In the Apache Cassandra community we have a significant project to improve our CI, with the aim of making it more accessible to every contributor. The project is significant, with Cassandra’s CI currently ~50k tests of different types, with a backlog of tests to continue to add. Our current jenkins installation is at ci-cassandra .apache.org

I’m reaching out for guidance and expertise in creating an initial top-level script that can clone the ci-cassandra .apache.org Jenkins installation.

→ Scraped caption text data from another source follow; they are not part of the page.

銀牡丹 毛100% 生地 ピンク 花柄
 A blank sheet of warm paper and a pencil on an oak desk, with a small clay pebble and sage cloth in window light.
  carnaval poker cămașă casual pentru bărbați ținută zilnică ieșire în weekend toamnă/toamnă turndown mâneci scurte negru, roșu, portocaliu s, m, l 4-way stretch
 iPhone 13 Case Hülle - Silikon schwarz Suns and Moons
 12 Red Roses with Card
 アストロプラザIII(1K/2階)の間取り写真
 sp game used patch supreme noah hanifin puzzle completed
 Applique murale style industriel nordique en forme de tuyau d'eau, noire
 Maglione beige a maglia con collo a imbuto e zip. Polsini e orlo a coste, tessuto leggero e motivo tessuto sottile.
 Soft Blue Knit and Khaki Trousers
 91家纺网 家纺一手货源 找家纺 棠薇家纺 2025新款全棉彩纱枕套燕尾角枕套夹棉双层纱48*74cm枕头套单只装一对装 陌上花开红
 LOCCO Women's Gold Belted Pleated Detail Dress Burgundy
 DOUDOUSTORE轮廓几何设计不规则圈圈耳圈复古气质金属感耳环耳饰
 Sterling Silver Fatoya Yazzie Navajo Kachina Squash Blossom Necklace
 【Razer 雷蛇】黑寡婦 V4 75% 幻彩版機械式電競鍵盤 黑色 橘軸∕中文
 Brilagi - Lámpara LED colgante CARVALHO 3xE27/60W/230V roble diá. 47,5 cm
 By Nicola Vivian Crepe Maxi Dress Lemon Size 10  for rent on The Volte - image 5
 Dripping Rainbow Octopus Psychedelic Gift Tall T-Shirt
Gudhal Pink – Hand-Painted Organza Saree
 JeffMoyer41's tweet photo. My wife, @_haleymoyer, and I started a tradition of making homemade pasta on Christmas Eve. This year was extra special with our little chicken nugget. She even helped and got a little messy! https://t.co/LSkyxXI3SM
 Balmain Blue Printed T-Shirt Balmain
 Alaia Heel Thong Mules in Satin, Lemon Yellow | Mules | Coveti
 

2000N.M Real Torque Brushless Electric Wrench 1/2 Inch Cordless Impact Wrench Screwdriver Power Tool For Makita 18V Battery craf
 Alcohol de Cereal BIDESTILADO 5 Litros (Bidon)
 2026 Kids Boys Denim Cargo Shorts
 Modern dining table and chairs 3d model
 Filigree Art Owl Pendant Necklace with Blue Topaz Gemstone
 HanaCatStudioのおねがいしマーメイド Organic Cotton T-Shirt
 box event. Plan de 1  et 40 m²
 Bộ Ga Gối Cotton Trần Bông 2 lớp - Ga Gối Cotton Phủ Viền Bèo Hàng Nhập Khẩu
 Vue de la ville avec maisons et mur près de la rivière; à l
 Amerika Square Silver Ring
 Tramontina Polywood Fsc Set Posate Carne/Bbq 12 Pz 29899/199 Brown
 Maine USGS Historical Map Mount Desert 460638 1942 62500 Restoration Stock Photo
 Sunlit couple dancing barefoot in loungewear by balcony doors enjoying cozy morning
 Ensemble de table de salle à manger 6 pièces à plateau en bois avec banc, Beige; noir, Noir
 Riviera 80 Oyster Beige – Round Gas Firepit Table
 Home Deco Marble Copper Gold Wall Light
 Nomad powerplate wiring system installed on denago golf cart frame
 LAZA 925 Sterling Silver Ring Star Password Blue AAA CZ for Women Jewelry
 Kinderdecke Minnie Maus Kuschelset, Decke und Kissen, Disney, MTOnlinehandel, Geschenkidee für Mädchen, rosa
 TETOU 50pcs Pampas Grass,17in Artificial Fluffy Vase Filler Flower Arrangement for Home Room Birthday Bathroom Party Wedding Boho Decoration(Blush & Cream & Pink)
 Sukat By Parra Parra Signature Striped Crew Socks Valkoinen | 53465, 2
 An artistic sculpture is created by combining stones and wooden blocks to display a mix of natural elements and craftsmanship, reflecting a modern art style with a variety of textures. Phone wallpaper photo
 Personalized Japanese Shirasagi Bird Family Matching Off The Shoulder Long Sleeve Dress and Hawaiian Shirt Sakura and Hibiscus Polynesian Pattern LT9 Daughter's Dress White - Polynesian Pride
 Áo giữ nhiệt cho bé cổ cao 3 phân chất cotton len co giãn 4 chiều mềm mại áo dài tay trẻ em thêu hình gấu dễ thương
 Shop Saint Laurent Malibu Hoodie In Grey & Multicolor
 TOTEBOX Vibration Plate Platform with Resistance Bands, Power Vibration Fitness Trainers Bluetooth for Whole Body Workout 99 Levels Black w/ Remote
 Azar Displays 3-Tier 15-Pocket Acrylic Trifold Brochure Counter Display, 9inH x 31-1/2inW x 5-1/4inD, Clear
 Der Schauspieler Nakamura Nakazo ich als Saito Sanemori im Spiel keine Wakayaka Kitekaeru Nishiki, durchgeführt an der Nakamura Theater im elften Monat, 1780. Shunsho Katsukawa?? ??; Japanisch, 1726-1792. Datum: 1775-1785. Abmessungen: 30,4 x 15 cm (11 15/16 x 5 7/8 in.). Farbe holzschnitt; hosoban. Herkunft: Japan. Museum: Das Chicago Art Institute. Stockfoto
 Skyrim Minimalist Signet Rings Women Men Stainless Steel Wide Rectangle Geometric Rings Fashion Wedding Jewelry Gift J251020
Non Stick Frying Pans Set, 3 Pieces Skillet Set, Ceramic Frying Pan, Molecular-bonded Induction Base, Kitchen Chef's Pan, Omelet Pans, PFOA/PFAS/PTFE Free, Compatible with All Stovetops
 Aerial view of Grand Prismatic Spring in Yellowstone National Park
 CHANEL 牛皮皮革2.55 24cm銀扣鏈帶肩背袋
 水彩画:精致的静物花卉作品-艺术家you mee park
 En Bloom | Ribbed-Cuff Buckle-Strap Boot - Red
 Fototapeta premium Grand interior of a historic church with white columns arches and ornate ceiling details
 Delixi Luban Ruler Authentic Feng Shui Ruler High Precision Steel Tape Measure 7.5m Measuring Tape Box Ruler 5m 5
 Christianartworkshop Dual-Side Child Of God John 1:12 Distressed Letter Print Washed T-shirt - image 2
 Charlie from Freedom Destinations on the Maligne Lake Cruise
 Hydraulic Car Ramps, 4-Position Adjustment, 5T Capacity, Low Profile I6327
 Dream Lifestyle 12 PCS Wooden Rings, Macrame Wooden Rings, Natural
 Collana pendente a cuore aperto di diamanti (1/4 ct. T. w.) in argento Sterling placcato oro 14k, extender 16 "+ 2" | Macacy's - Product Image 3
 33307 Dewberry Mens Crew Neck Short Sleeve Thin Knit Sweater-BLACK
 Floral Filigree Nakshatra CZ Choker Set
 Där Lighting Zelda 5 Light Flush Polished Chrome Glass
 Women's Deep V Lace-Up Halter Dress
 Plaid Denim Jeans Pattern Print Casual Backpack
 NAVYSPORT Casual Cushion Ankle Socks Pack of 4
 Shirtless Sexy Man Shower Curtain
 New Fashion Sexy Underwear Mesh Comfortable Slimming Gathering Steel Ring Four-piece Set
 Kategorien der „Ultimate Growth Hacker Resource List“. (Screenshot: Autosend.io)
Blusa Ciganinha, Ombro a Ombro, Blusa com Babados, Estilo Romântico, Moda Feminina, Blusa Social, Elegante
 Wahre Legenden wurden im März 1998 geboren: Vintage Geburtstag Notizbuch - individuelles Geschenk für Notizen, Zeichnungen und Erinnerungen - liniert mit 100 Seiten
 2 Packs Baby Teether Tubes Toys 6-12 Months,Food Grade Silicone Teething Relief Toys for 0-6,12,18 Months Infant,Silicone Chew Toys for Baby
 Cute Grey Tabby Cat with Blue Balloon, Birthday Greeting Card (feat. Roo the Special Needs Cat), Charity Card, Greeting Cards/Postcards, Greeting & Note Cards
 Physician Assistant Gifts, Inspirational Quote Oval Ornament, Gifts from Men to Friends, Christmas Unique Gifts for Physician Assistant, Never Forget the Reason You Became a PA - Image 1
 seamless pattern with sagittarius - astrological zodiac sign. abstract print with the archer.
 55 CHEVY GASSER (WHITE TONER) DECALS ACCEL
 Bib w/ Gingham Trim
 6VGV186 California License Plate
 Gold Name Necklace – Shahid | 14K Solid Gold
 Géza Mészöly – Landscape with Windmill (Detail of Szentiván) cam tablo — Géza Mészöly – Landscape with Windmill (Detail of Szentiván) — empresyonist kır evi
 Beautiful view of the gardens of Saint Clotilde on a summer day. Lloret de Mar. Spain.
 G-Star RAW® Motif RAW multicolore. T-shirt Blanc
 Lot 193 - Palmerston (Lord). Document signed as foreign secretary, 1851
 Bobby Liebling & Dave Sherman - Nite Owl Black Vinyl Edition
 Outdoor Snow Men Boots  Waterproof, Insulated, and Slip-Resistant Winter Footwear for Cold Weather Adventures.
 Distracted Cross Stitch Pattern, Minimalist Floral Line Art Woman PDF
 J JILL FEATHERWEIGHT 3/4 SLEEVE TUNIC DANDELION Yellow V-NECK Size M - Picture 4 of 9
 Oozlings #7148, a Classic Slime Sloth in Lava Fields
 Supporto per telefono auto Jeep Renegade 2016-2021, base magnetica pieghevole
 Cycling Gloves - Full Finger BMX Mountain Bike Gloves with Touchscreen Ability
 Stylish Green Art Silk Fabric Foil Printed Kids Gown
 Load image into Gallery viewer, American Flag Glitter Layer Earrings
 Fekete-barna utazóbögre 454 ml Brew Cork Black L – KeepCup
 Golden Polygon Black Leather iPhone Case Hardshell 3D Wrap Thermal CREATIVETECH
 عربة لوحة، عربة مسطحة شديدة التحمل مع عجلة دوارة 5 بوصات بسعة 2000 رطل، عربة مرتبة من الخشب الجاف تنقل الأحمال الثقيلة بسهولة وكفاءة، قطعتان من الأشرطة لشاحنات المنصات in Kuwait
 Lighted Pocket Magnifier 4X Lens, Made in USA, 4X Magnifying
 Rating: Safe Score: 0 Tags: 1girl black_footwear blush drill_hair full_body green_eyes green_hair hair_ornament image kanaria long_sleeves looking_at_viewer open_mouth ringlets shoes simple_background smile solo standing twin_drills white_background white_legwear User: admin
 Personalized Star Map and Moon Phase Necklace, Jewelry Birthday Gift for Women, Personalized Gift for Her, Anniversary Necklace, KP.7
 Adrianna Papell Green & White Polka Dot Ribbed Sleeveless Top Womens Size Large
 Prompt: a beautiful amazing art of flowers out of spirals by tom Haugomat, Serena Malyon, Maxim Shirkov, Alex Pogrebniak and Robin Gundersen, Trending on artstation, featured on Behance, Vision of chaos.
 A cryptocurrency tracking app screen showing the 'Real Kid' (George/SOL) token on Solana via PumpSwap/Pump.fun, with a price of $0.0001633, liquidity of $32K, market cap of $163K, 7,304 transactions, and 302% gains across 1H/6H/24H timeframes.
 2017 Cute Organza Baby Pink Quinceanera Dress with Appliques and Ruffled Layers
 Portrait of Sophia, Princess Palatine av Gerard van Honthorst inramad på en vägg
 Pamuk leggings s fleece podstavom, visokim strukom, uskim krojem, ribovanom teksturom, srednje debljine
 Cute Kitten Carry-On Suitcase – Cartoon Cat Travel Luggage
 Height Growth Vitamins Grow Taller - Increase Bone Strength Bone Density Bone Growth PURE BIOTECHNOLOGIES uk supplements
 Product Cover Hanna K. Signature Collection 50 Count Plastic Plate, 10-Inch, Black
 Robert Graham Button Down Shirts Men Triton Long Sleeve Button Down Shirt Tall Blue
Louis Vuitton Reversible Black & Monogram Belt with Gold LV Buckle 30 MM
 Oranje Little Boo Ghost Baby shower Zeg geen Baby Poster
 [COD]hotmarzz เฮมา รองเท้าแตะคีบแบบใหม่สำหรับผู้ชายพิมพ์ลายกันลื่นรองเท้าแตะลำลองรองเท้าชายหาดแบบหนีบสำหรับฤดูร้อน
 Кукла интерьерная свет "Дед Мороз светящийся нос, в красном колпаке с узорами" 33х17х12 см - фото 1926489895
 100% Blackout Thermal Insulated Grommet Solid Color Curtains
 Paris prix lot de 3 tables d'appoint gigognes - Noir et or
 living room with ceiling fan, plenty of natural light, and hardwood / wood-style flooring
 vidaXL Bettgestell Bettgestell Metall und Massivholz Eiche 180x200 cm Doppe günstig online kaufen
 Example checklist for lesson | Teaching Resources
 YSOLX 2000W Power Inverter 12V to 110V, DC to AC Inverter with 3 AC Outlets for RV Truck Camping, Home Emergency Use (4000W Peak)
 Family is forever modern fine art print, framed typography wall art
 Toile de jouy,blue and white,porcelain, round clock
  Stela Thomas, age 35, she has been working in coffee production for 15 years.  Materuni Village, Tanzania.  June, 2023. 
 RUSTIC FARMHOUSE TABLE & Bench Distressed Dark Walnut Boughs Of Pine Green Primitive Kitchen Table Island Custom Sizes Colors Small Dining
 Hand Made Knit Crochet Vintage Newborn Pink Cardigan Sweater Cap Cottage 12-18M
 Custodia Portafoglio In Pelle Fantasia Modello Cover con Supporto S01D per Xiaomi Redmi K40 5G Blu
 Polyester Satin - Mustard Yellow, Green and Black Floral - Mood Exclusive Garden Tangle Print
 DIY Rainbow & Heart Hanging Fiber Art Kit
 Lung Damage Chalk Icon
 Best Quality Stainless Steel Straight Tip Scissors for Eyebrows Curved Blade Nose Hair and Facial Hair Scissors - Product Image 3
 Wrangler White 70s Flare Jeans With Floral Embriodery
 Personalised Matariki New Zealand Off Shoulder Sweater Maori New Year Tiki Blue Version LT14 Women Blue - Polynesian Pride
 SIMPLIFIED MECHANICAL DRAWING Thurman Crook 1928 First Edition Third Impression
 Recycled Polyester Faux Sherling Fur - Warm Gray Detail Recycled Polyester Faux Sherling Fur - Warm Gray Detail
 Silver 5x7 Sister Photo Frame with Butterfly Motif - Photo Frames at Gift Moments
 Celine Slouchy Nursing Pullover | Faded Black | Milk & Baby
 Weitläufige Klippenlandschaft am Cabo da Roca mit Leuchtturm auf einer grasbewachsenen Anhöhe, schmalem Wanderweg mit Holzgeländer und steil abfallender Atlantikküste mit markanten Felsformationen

My questions to the list are…

  • Do you think the following can be done?
  • Do you know of other valuable examples to look at?
  • What Jenkins components/approach would you be using?
  • What challenges and concerns come to mind?
  • Are you interested in joining us?

The Goal…

From the command line we want to be able to set up on any k8s cluster a full ci-cassandra like installation, then run the Jenkinsfile CI pipeline, pull the results and then (optionally) tear it down.

We envision the use of the Jenkins-Operator (or the helm chart ??), the JSaC plugin, the jenkins-k8s-plugin, and some seeding groovy dsl along with our .jenkins/Jenkinsfile located in the Cassandra source repo ( new wip version at here ).

Brief Background…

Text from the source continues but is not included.